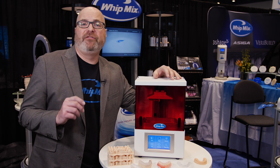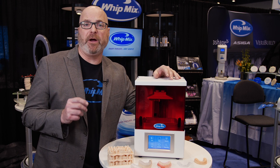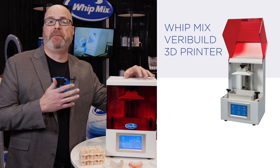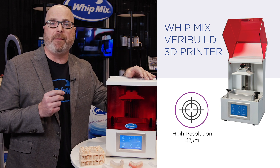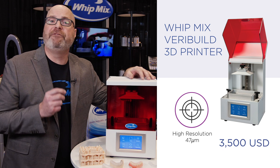What we found is that the market was lacking an economical, low-cost 3D printer that was still very accurate. So with the Whitmix VeraBuild printer, we are bringing to market a printer that is 47 microns of accuracy in the XY for $3,500.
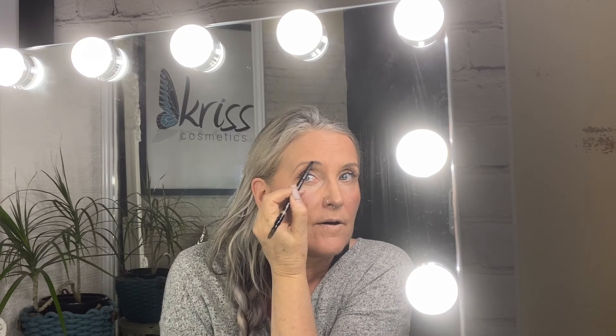Let me go do this side for you. A little sketching motion, and then groom through.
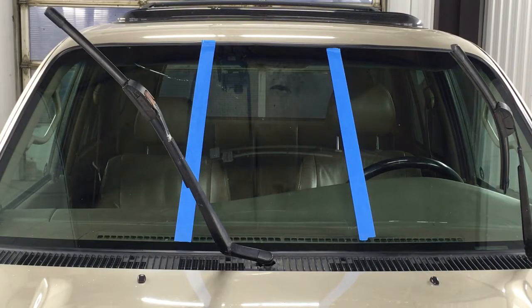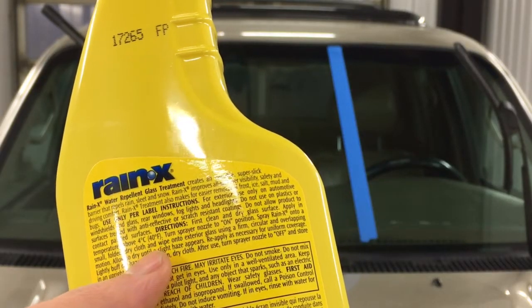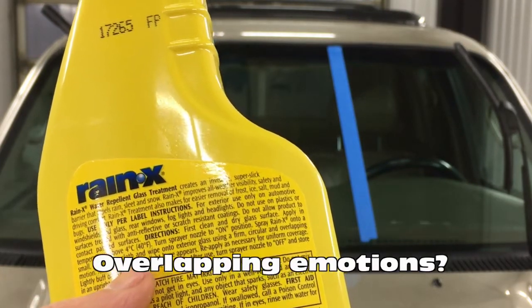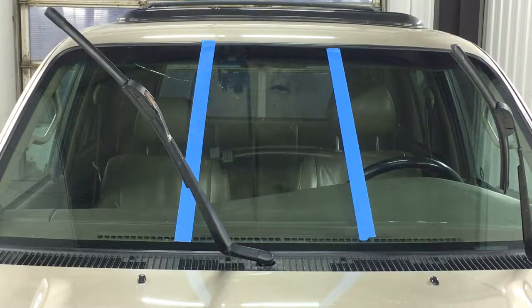Both these products are pretty easy to apply. Spray Rain-X onto a small folded dry cloth. Wipe onto exterior glass using firm circular and overlapping motions. Allow to dry until a slight haze appears. Seems easy enough.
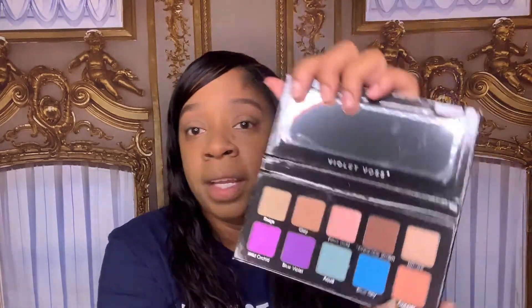Using this same brush, I'm gonna go into this chocolate brown shade and put that in the outer V area right there. Chocolate brown here, using that same brush. See, look at that — I'm just gonna blend it out. Other side, blend. Didn't even do nothing major, but yes honey, yes — work, work, work.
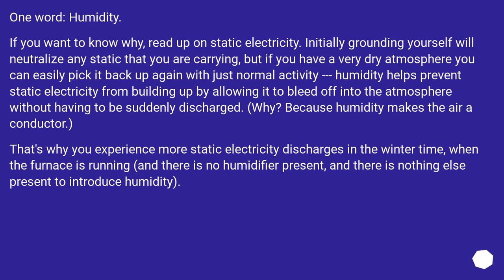One word: humidity. Initially, grounding yourself will neutralize any static that you are carrying, but if you have a very dry atmosphere you can easily pick it back up again with just normal activity. Humidity helps prevent static electricity from building up by allowing it to bleed off into the atmosphere without having to be suddenly discharged.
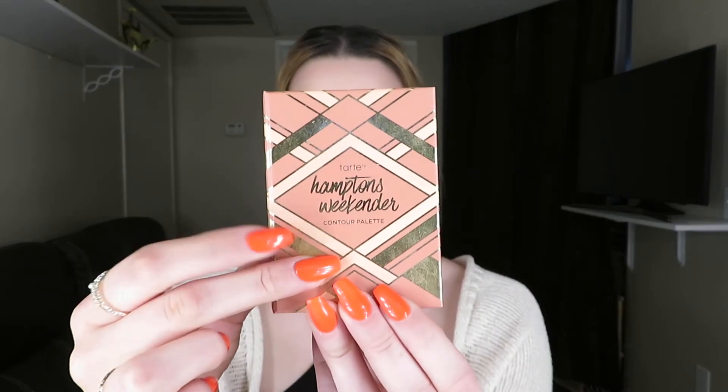Now I'm going to bronze up my face, put some blush on, and add highlighter. I'm still using the Tarte Hampton Weekender for bronzer, Tarte Party blush, and Fenty highlighter. Then I'll grab my little brush for the inner corner highlight and underneath my brow.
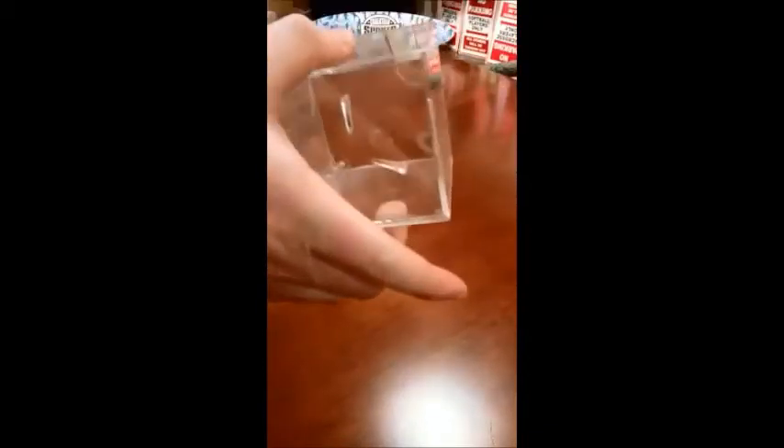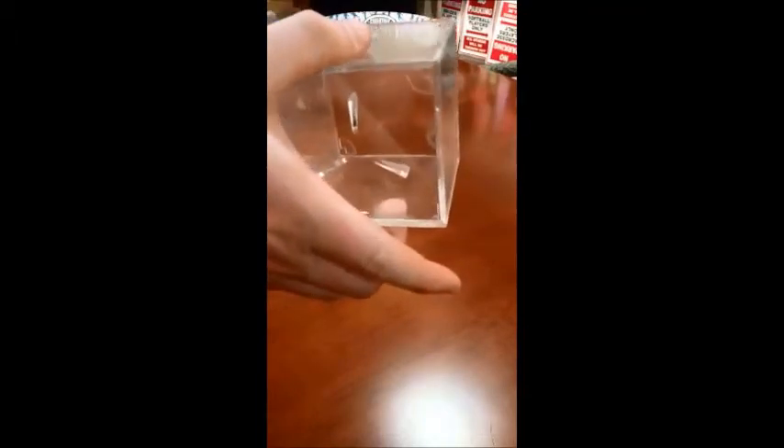What you want to do is have your hand grab the two fingers on the bottom opposite of those two. Then you're going to take your other hand and grab the other two sides, so you have your hands held on either side.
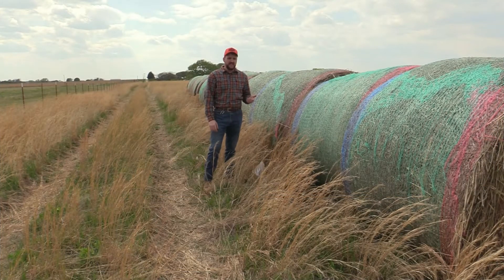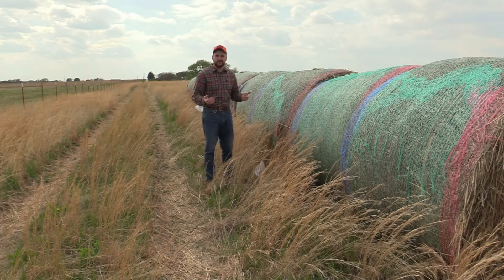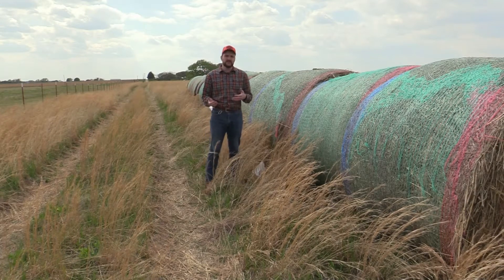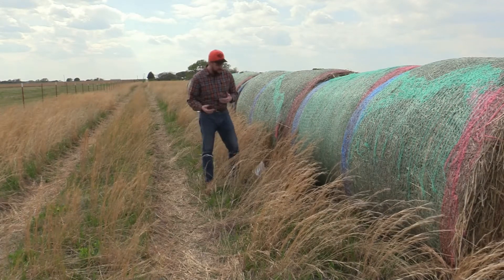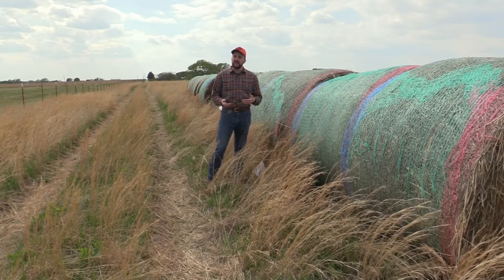I get a lot of folks calling into the county extension office wanting to know how to take a forage test. I figured it'd be easier just to show you and kind of go through all the details, but it's relatively simple. Now if you don't have a forage probe of your own, we have some at the county extension offices. You can certainly stop by and check one out.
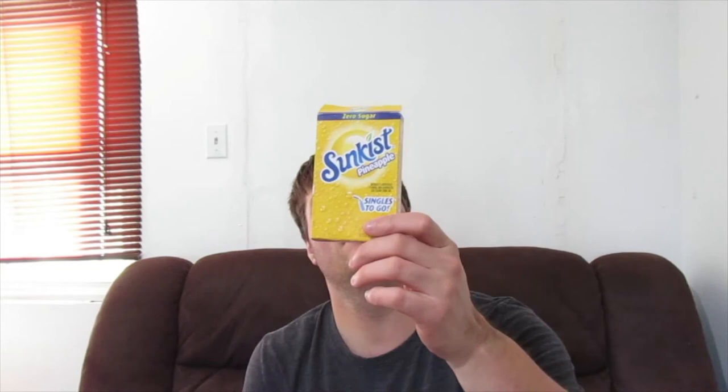She also got me these pineapple flavored water packets — you pretty much put them in your water. She tried them and didn't like them, but I really like pineapple so I'm really happy to have them and try them out.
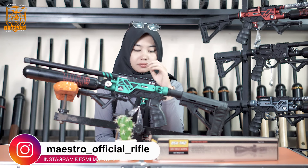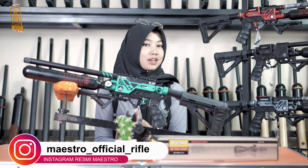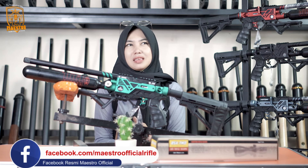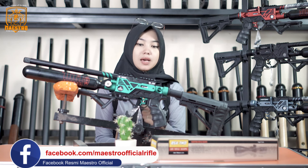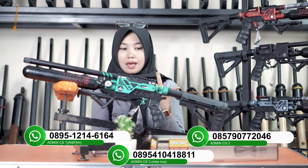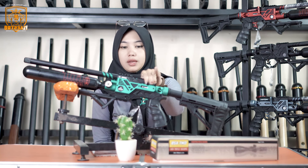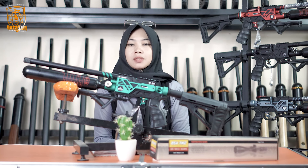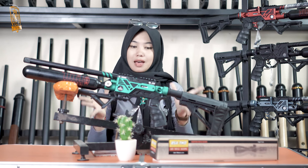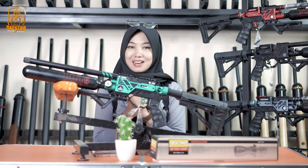Yang ketiga bisa melalui marketplace, ada Shopee dan juga Tokopedia. Kalian tinggal buka marketplace, misalnya di Shopee atau Tokopedia, bilang ke adminnya, nanti akan diberikan linknya untuk masuk ke tokonya. Sangat mudah sekali karena di Master Official memang selalu mencari yang mudah-mudah saja, memberikan sesuatu yang bermanfaat, mudah, ramah, dan juga berkah.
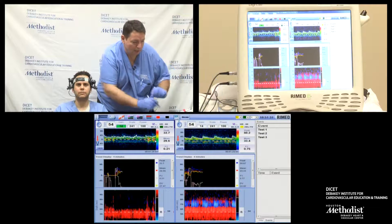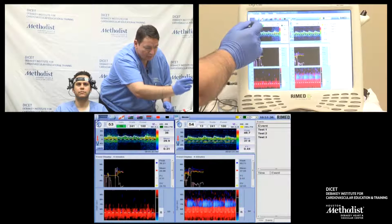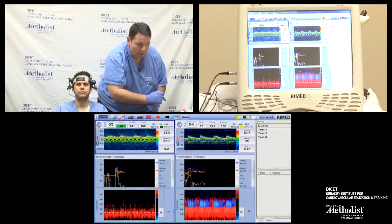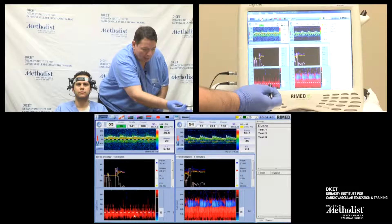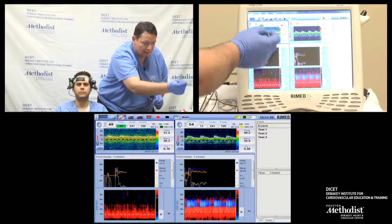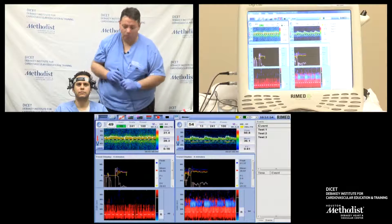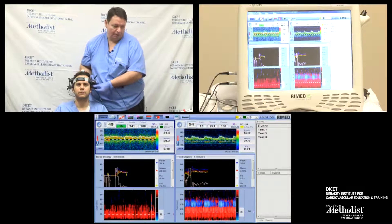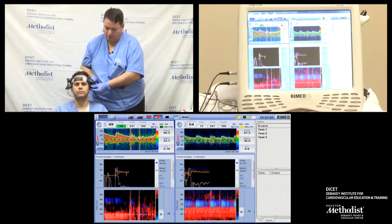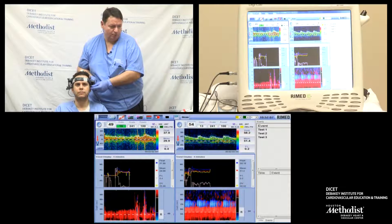Right now I can increase my gain — if it's not perfect, I can increase my sound. I'm now ready for monitoring. I'm going to turn on my emboli detection and start my recording. If I'm not happy with the signal, especially on the left side, I can still adjust it. I really need to see that positivity in the middle cerebral artery.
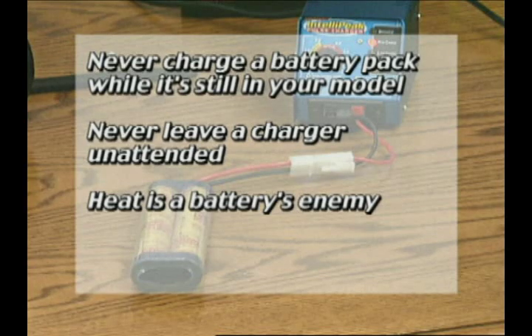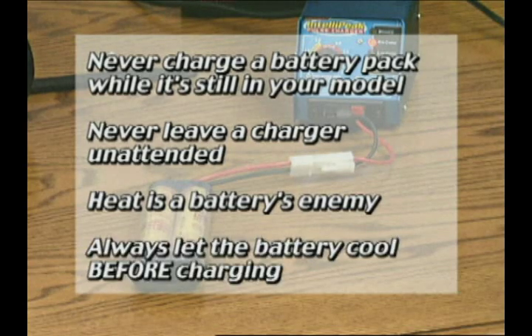Heat is the battery's enemy. A battery that's hot won't recharge as well or last as long as a cool pack will. For that reason, always let the battery cool before charging.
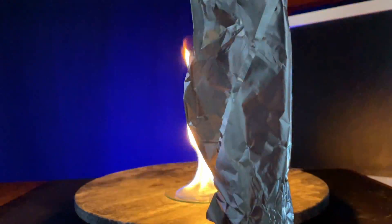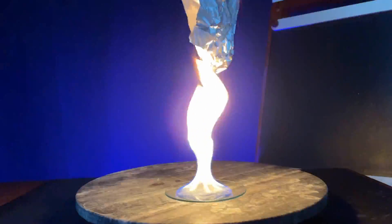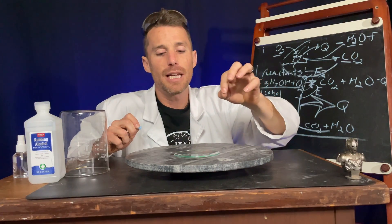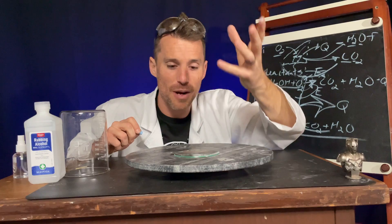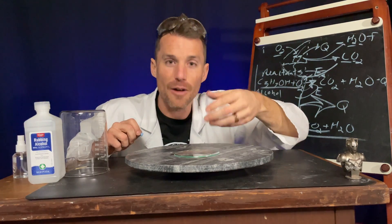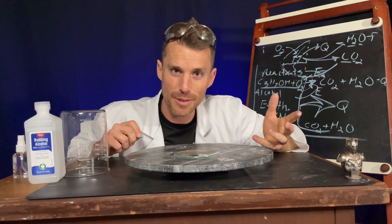The last thing I did where the aluminum spun over the flame — that's called the convection current. The hot air is rising, and that ends up being pretty important. Because if the hot air wasn't rising and taking away the CO2 and H2O, those things would want to go down and put out what's burning. They'd stop our reaction, like we see in the beaker.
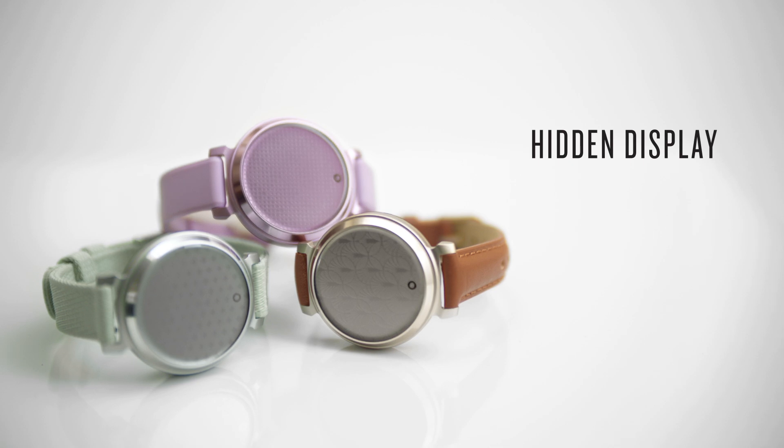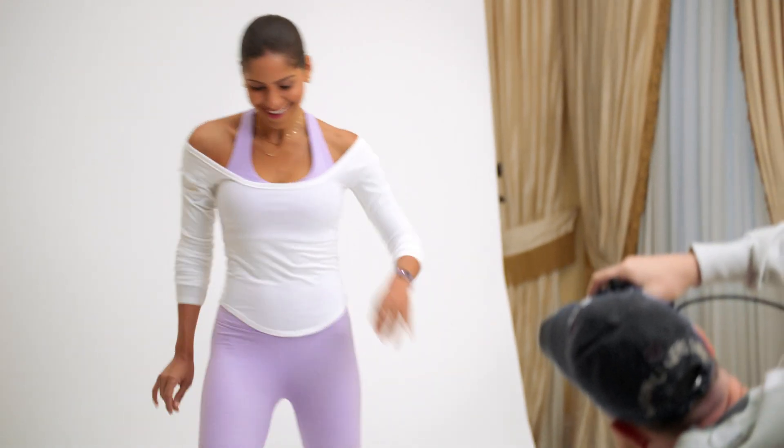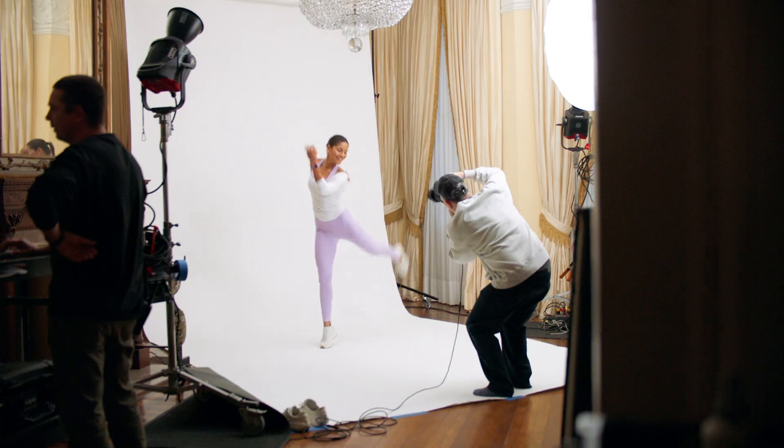Trendy, but also not what you'd expect. What's on the inside matters just as much as how things look on the outside.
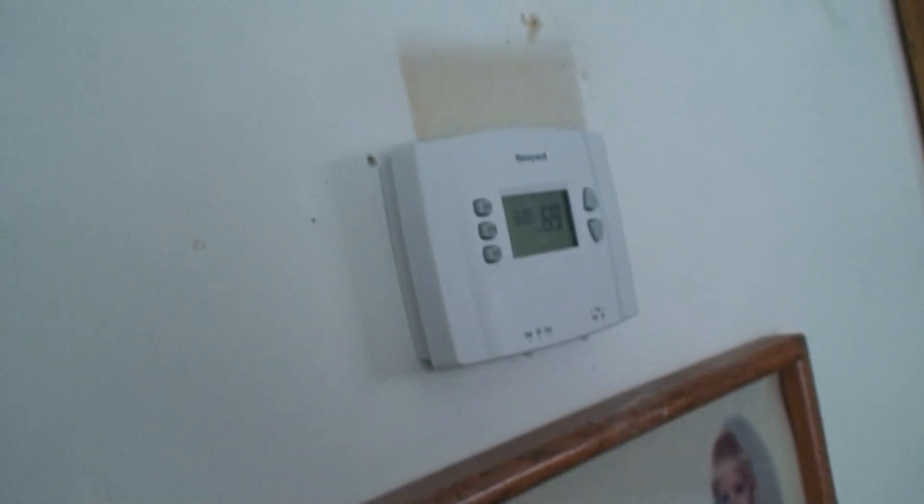Now I already got the power turned off at the breaker. You're going to be working with electricity, so you want to make sure the power is off at the breaker — not just the thermostat, but at the breaker too. So let's get started.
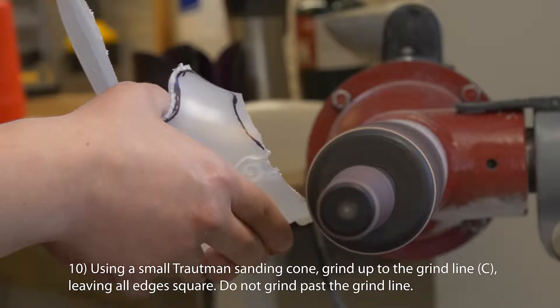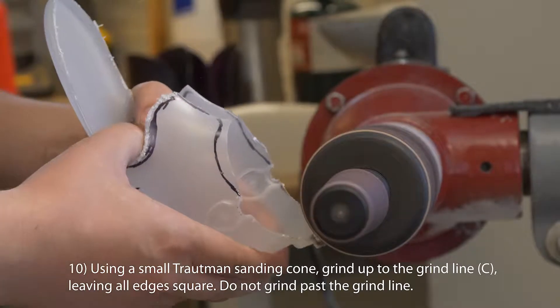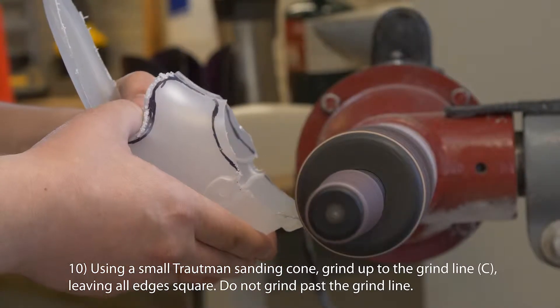Using a small Troutman sanding cone, grind up to the grind line C, leaving all edges square. Do not grind past the grind line.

* [EXERCISE AIM] Where a picture appears in the records above, omit it, and transcribe exactly the stretch of lines from the one with "Yang ketiga bisa" through the one with "Right now I".

* [FINISHED EXERCISE]
Yang ketiga bisa melalui marketplace, ada Shopee dan juga Tokopedia. Kalian tinggal buka marketplace, misalnya di Shopee atau Tokopedia, bilang ke adminnya, nanti akan diberikan linknya untuk masuk ke tokonya. Sangat mudah sekali karena di Master Official memang selalu mencari yang mudah-mudah saja, memberikan sesuatu yang bermanfaat, mudah, ramah, dan juga berkah.
Right now I can increase my gain — if it's not perfect, I can increase my sound. I'm now ready for monitoring. I'm going to turn on my emboli detection and start my recording. If I'm not happy with the signal, especially on the left side, I can still adjust it. I really need to see that positivity in the middle cerebral artery.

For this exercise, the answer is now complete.